MusiGames, a Brazilian-based mobile games company, said it has raised $1.5 million in capital and grants to develop more music titles for Apple’s App Store. The announcement is being made today at Macworld in San Francisco.
Participants in the round include Criatec Fund, a Brazilian seed capital group, and Brazilian innovation agencies, including the FINEP/Facepe and CNPq.
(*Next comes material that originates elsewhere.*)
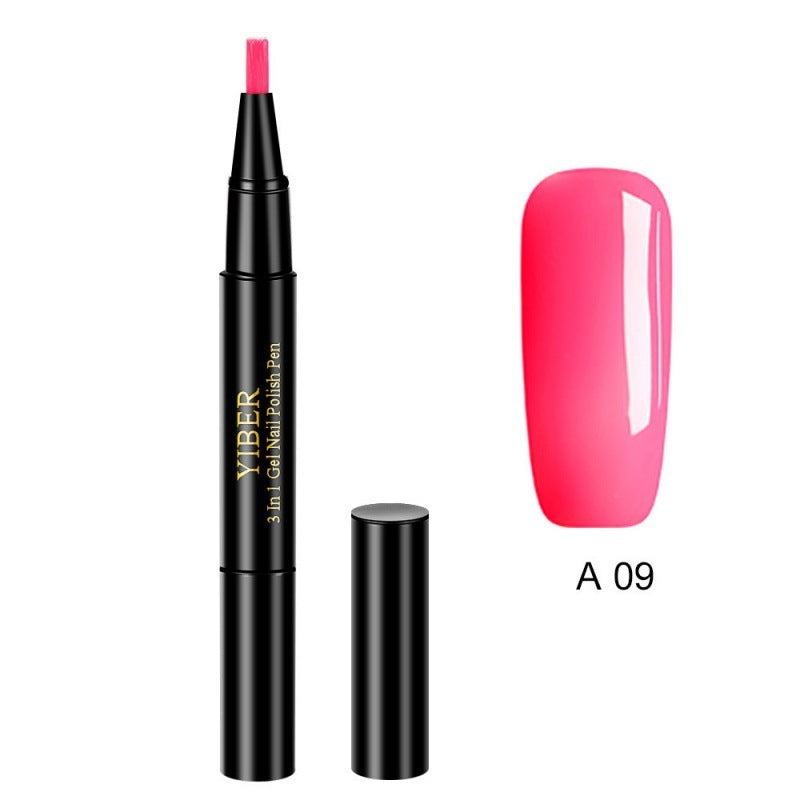 5pcs Nail Polish Pen 3 In 1 One Step Glue Pen Multicolor - EL CHEG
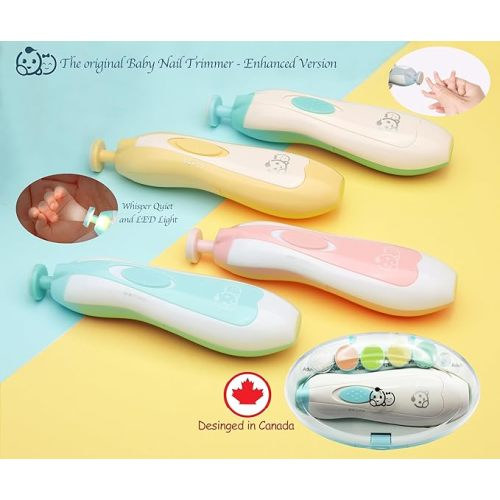 Royal Angels Baby Nail Trimmer 21 in 1, Safe Electric Baby Nail Buffer, Extra 13 Replacement Tools, Baby Nail Kit, Baby Nail Clippers, Newborn Toddler Toes and Fingernails, Trim and Polish (WhiteBlue)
The company, which produced the hit-seller “Drums Challenge,” said it plans to launch eight games in 2010, and will be demonstrating some of them at the show this week.
» Microsoft (NSDQ: MSFT) and Google (NSDQ: GOOG) have teamed up with Taiwanese chipset vendor MediaTek to better appeal to China, India and other emerging markets. [PCWorld]
» A comparison video of Nexus One vs. iPhone explains why it’s difficult for developers to work with the Google phone. [PocketGamer]
» Cisco (NSDQ: CSCO) reports global mobile data traffic has increased 160 percent over the past year to 90 petabytes per month, the equivalent of 23 million DVDs. [Release]
» Next version of Microsoft’s MyPhone service will probably be Silverlight-based and enable syncing among social networks’ status/info. [MobileTechWorld]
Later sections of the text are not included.